Little time had passed before ‘Karapophores’ had permeated him entirely, the inertia of those five syllables manifesting as gravitas. Universally he was usually called Kar, though lately he had come to think of the shorthand version as rather too casual for his tastes.
“This way” said Melissa, his travelling companion and xenorelational cultural expert, “I memorised the map.” She jerked a thumb to the left, quite at odds with the committee-approved smooth directional gesture, which swirled in a semicircle, and concluded with a graceful upturned palm. That also connoted an invitation to walk alongside, of mutual respect and so many layers of etiquette that… well… A coarse jerked thumb did not show them in a good light. How fortunate, then, that no-one was watching.
She was already walking ahead of him, taking in every detail.
“Wait”, he said, “we must have a measured pace.”
“Oh stop fussing. We’re not facing-off the ambassador just yet. If he has a face.”
Karapophores steadied himself - again - in concert with a subconscious sniff. Being appointed to the attache had entailed three years of training, in much the same way in which the astronaut selection process used to be carried out. Only now, candidates were required to study a broader and deeper set of teaching as well as being in peak fitness and exemplars of moral code. Anyone chosen to represent Earth, and thus proffered to the newly-revealed sentience in the sky, was the six-sigma-best.
“I will not!” he said at length, “decorum is an absolute. It is not to be turned on and off at will.”

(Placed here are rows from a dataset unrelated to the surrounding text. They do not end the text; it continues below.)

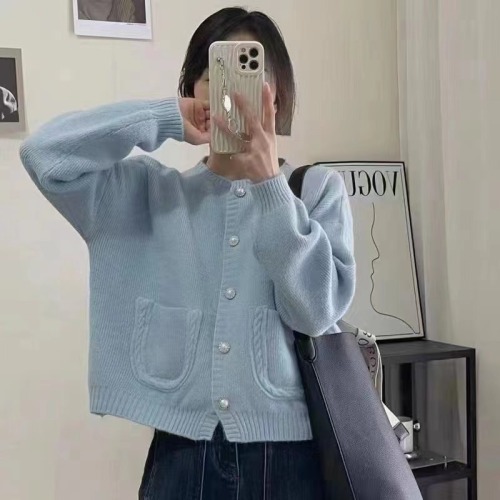 Korean autumn new style lazy style loose long-sleeved knitted cardigan for women gentle style western style sweater short coat top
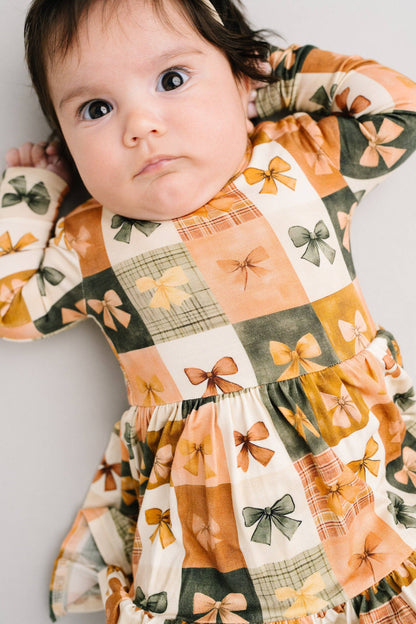 Bow Patchwork Bodysuit Bamboo Dress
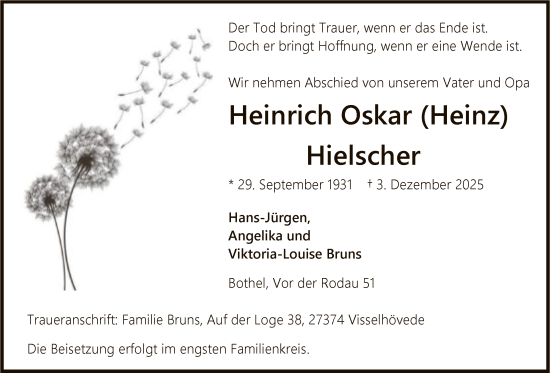 Todesanzeige von Heinrich Oskar Hielscher von SYKR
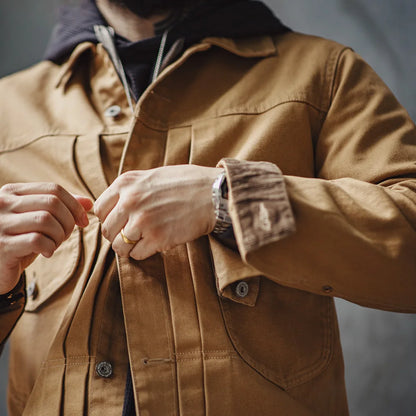 Vintage Heavyweight Canvas Rancher Jackets with Collar Jacket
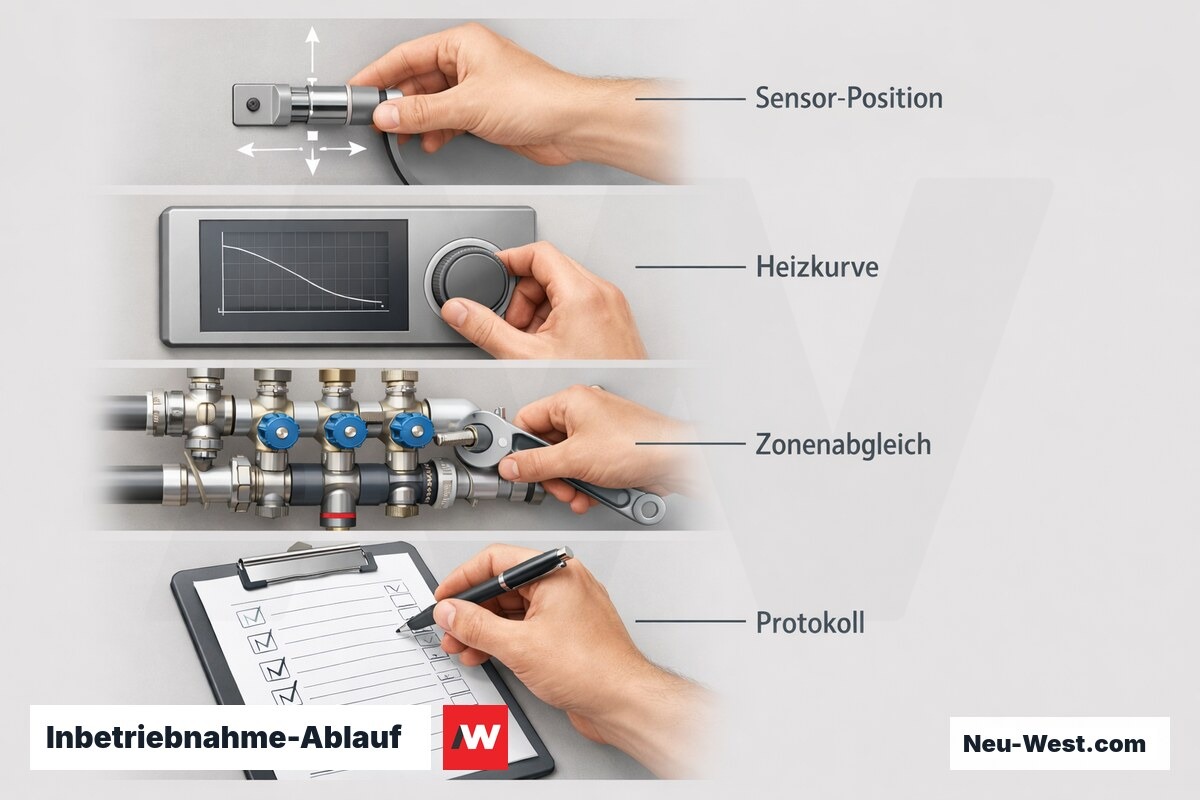 Inbetriebnahme-Ablauf: Kritische Prüfpunkte – Erklär-Grafik (NEUWEST Berlin)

Kar was a shade under seven foot tall, a longstanding bias in favour of tall politicians and celebrities having been formalised by the selectors. This despite Melissa’s unheard insistence of it being a straightforward case of parochial thinking. As she repeatedly delighted in telling him, alien notions of fitness and worth did not necessarily include the distance from your nose to your foot. As a five foot two example of humanity, she would not have made the selection, had her expertise on alien culture not outpaced her rivals by many times.
“Well come on then”, she sang back at him, twirling on the spot, “let’s do this! It’s exciting!”
“Wait, I must be ready.”
Kar checked his appearance.
One of the other innovations from the Department was a sizable budget expressly for calculating the optimum way of presenting oneself to representatives from from other races. Mel had been rather vocally opposed, and ultimately ignored. What the committee, composed of Nobel Laureates, classical artists and winners of a worldwide competition had resulted in was what they were currently wearing: a modern version of a Greek toga, lighter and with rather more pockets than that which the historical version could boast. Nobility, dignity, and grace.

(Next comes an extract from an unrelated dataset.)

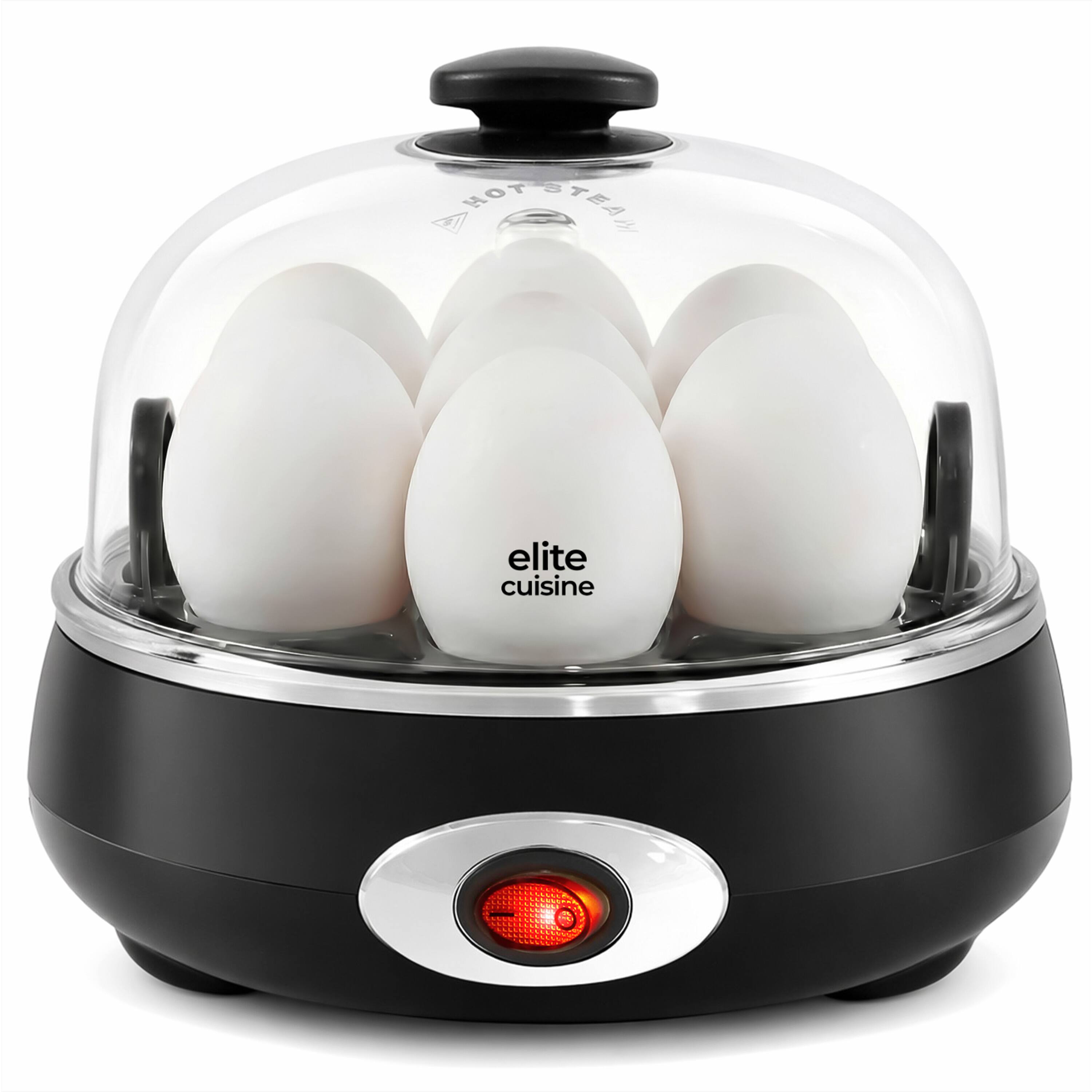Elite Cuisine - EGC555 Automatic Easy Egg Cooker, 7 Eggs - Black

Since all of the environments were entirely artificial, being temperature, pressure and humidity controlled (to say nothing of the right mix of gases to enable living at all) it was possible to wear whatever you pleased. Mel had made her feelings known by the discordant addition of workman’s utility belt, a baseball cap and a knitted scarf. They’d had words about it, but she was unrepentant.
Ahead of them, scheduled in to the barest sliver of time, was a welcoming party. Though it had to be said that he only supposed this to be the case, based on the vagaries of translation.
Karapophores, every twitch of every muscle carefully controlled, strode purposefully after her.
Journeying to the distant, in stellar terms, alien Cultural Centre had taken a long while; even with the fastest available ships, transfer point had followed transfer point in a vast chain of an itinerary. Both of the Terran representatives and their craft had been conveyed along the route in the manner of an Olympic torch. None of the symbolism was accidental. Most of the craft thus docked with had proved sleek and swift, if not necessarily dignified. Given the robotic nature of the majority of them and divergent environmental needs of crewed ships, pragmatism had dictated the Earth vessel to travel as little more than a cargo package.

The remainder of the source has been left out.